En Afrique, la colonie du Cap avait aboli toute inégalité politique entre les races, tandis que le Transvaal et l'Orange refusaient obstinément d’affranchir les indigènes. Sacrifier les droits des hommes de couleur eût été consentir à un recul ; en s’obstinant à les étendre, on se fût aliéné les Boers. »
Les libéraux qui ont fait campagne sur des principes d’égalité ne se sont pas manifestés contre le déséquilibre flagrant de la nouvelle Constitution. Tout juste ont-ils « déclaré solennellement qu’ils regrettaient les clauses concernant les gens de couleur » avant de voter la loi.
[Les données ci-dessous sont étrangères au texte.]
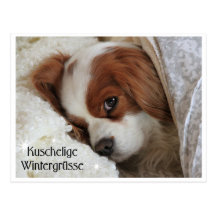 Kuschelige Wintergrüsse Postkarten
L’inégalité de cette nouvelle « démocratie parlementaire » est flagrante. Dans un pays qui compte 80 % de Noirs, ceux-ci n’ont accès qu’à un pourcentage infime des terres (de 7 % à 13 %) et n’ont plus de représentation au Parlement. La Petite République prédit que les tensions entre les deux « races » blanches s’apaiseront pour faire face à la colère future des indigènes.
« Tôt ou tard elles seront amenées à s’unir contre les races indigènes, contre les noirs dépossédés qui forment l’immense majorité des habitants sinon des citoyens de la fédération nouvelle. […]
Les droits des Hottentots, Cafres et Zoulous sur leurs terres, les privilèges politiques qui leur sont ou leur pourraient être accordés, le degré de représentation qui leur sera attribué, ce sont autant de problèmes imparfaitement résolus, et dont la Constitution nouvelle transmet la charge à l’Assemblée fédérale. […]
Les indigènes ne tarderont pas sans doute à exiger qu’une part leur soit faite dans le gouvernement de l’Afrique du Sud. […] À ces divers titres ils admettront difficilement qu'ils puissent être traités en races esclaves ou sujettes. »
La Constitution de 1910 oublie donc volontairement 80 % des habitants de la nouvelle Afrique du Sud. En 1913, le pays vote le Native Land Act qui prive définitivement les Noirs de droit sur leurs propres terres.
Cette loi inique restera en vigueur jusqu’en 1948, date à laquelle l’Afrique du Sud choisira un nouveau système de ségrégation institutionnelle : l’apartheid.